Rent-seeking is a concept in public choice theory, as well as in economics, that involves seeking to increase one's share of existing wealth without creating new wealth. Rent-seeking results in reduced economic efficiency through misallocation of resources, reduced wealth-creation, lost government revenue, heightened income inequality, and potential national decline.


National Review: The Conservative Inequality Paradox

Conservatives have two intellectual commitments that are increasingly incompatible. They believe that the American economy is clogged up with crony-capitalist corruption that hands out special favors and protections to organized interests.
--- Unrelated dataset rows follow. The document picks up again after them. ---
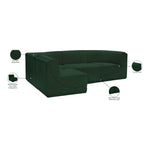 Ollie 98" Boucle Fabric Upholstered 4pc. Modular Sectional in Green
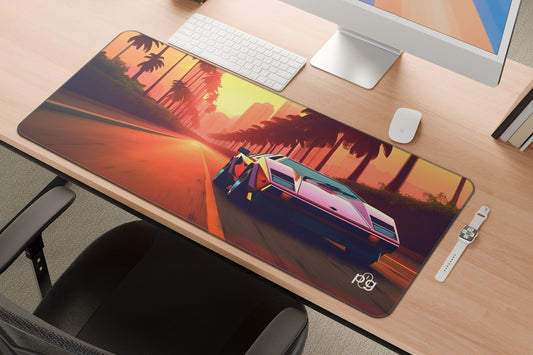 Lamborghini Sports Car Street Sunset - XXL and XXXXL Mouse Pad - PixelGears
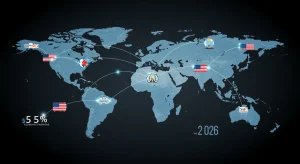 Global trade network with US at center, symbolizing new agreements and economic growth.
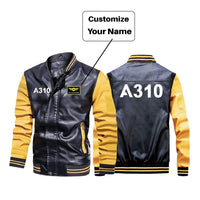 Thumbnail for A310 Flat Text Designed Stylish Leather Bomber Jackets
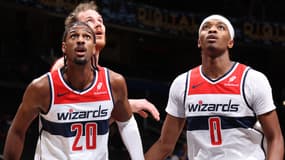 Alexandre Sarr et Bilal Coulibaly avec Washington, en octobre 2024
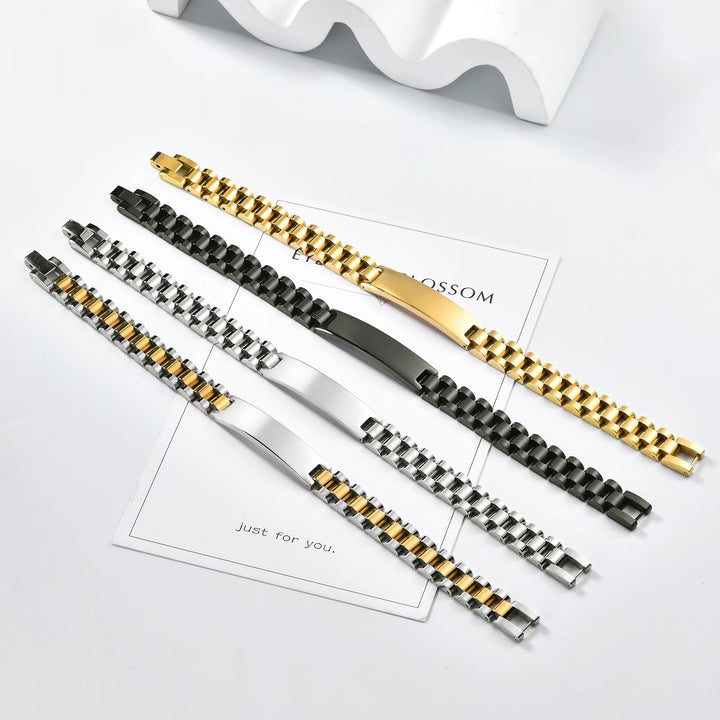 Business Fashion Titanium Steel Curved Plate Bracelet (Engravable Couple Style)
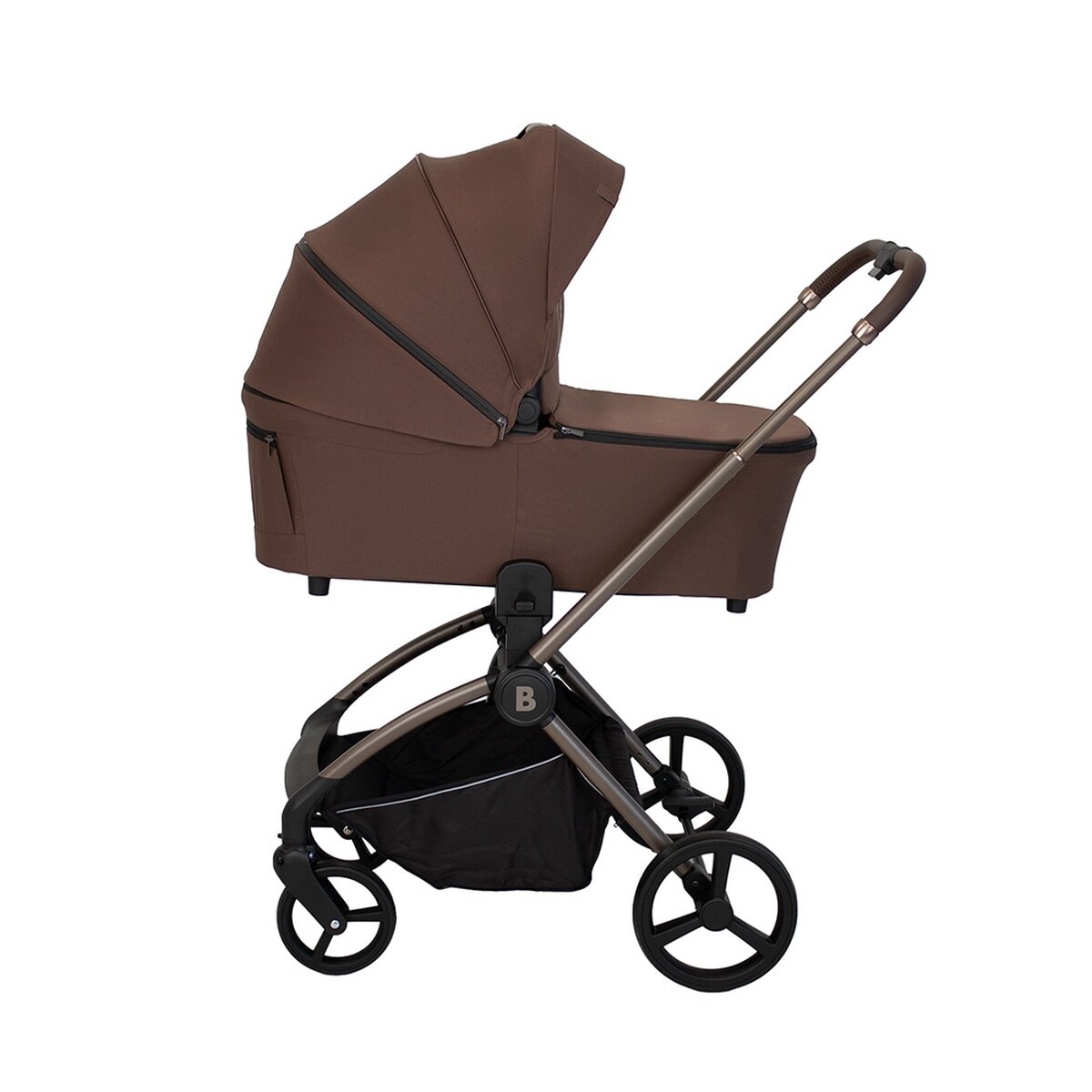 BabyTrold Alex 2in1 Kinderwagen in Chocolate mit Tragewanne, Sitzeinheit und Fußsack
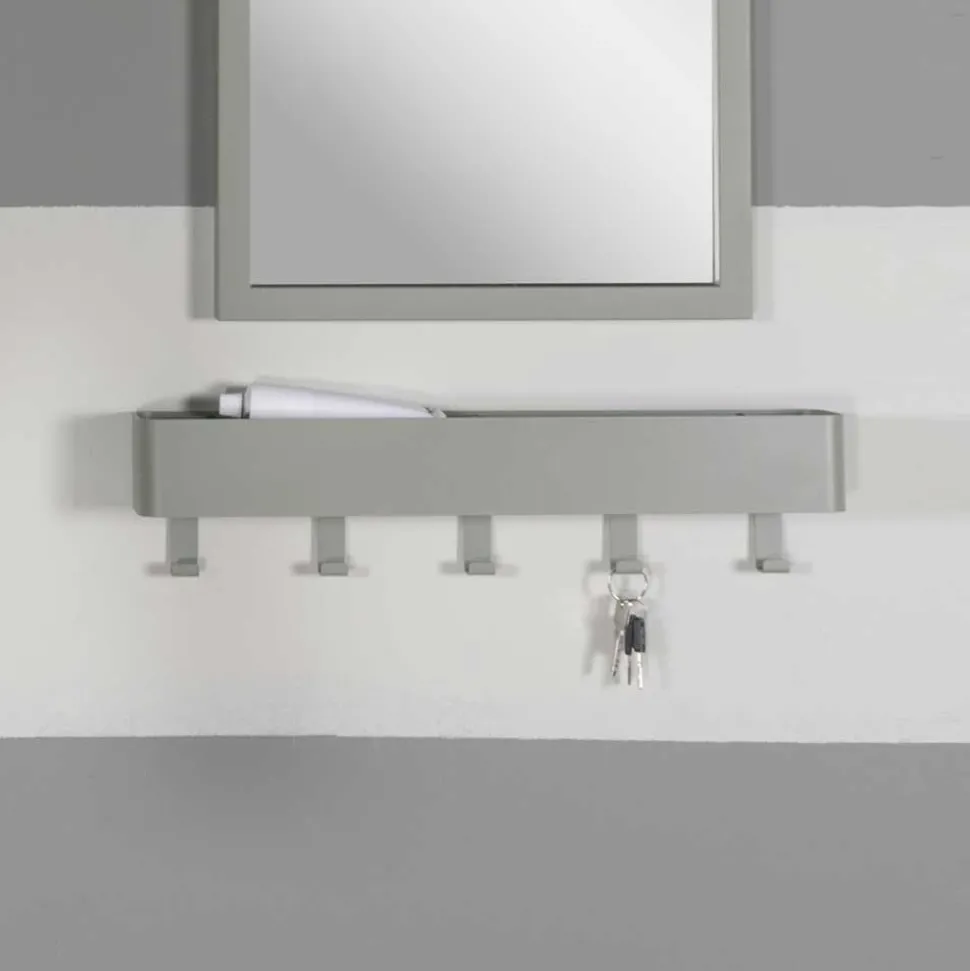 5 Haken Garderobe aus Stahl in Graugrün - Ruamantico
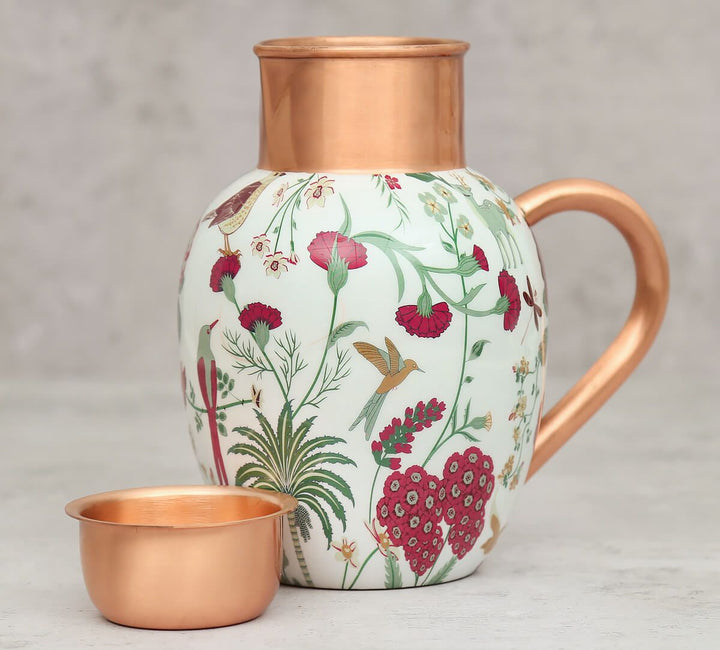 Grey Floral Galore Copper Jug Set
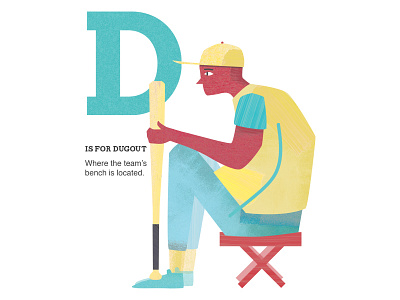 D is for Dugout alphabet baseball book design dugout illustration lettering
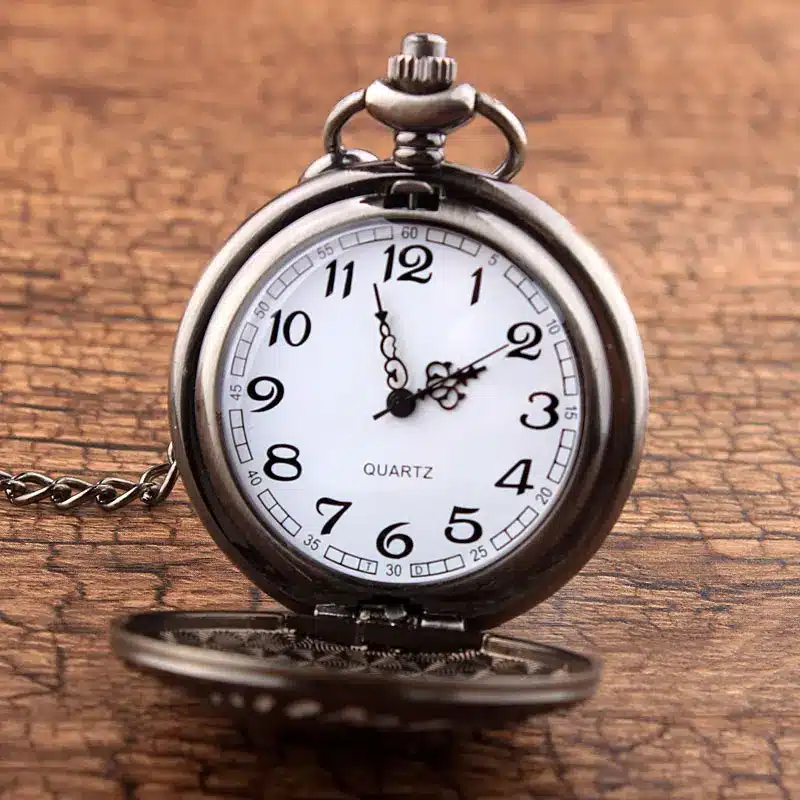 Antique Retro Indian People Copper Quartz Pocket Watch Chain Bronze Fob Watches for Men Gift Relogio De Bolso 11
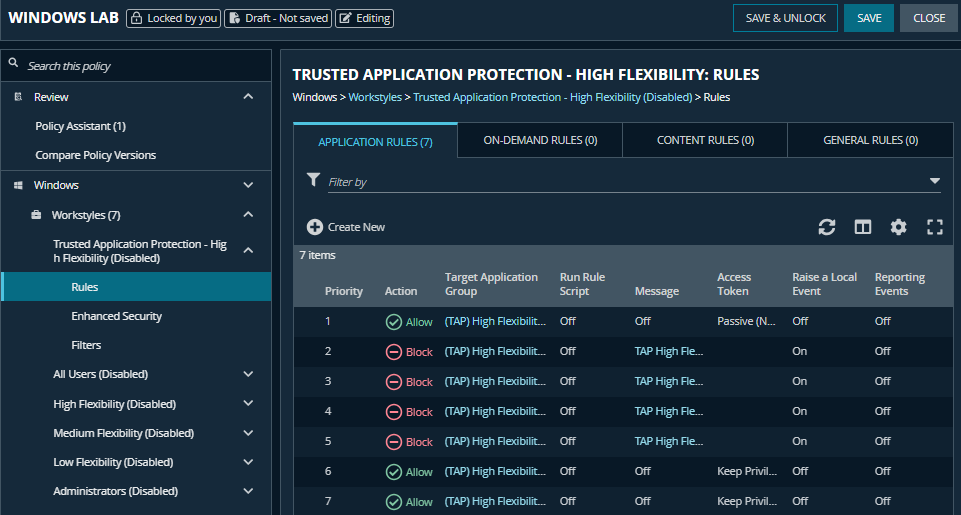 TAP workstyle showing the blocked applications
They also hold that economic inequality — in particular, the surging share of total income earned by those at the very top — is morally justified by the rights of property and the tendency of free markets to raise living standards overall.

So, it looks like (at least some) conservatives are of the belief that income inequality is not necessarily an issue that needs to be tackled, but the current state of inequality came about via corrupt influences over the market, and that situation is something worth fixing.

[W]e argue that conservatives are not mistaken about the extent of what we call “regressive regulation” — government-created distortions of markets that have the effect of funneling income and wealth up the socioeconomic scale. Such schemes of upward redistribution have proliferated in the past few decades, an era that is often misunderstood as one of unceasing deregulation. And because these reverse–Robin Hood policies work by squelching and misdirecting competition, they exert a powerful downward drag on output and growth as well.

They define these corrupt influences as being rooted in too much government intervention in the markets.

In the best of all worlds, conservatives would respond to this state of affairs by attacking rent-derived inequality at its source. Their economic agenda would focus on curtailing subsidies for finance, excessive protection of intellectual property, the licensing of high-end professionals, and overly restrictive land-use regulation. Doing so wouldn’t require conservatives to become crusading egalitarians, as these reforms would also unleash economic dynamism, innovation, and growth — familiar conservative priorities.

This article argues that the best solution would thus be to tackle the issue of undue government influence in the markets so that wealth can be redistributed naturally by the marketplace in accordance to ability rather than through rent-seeking behavior.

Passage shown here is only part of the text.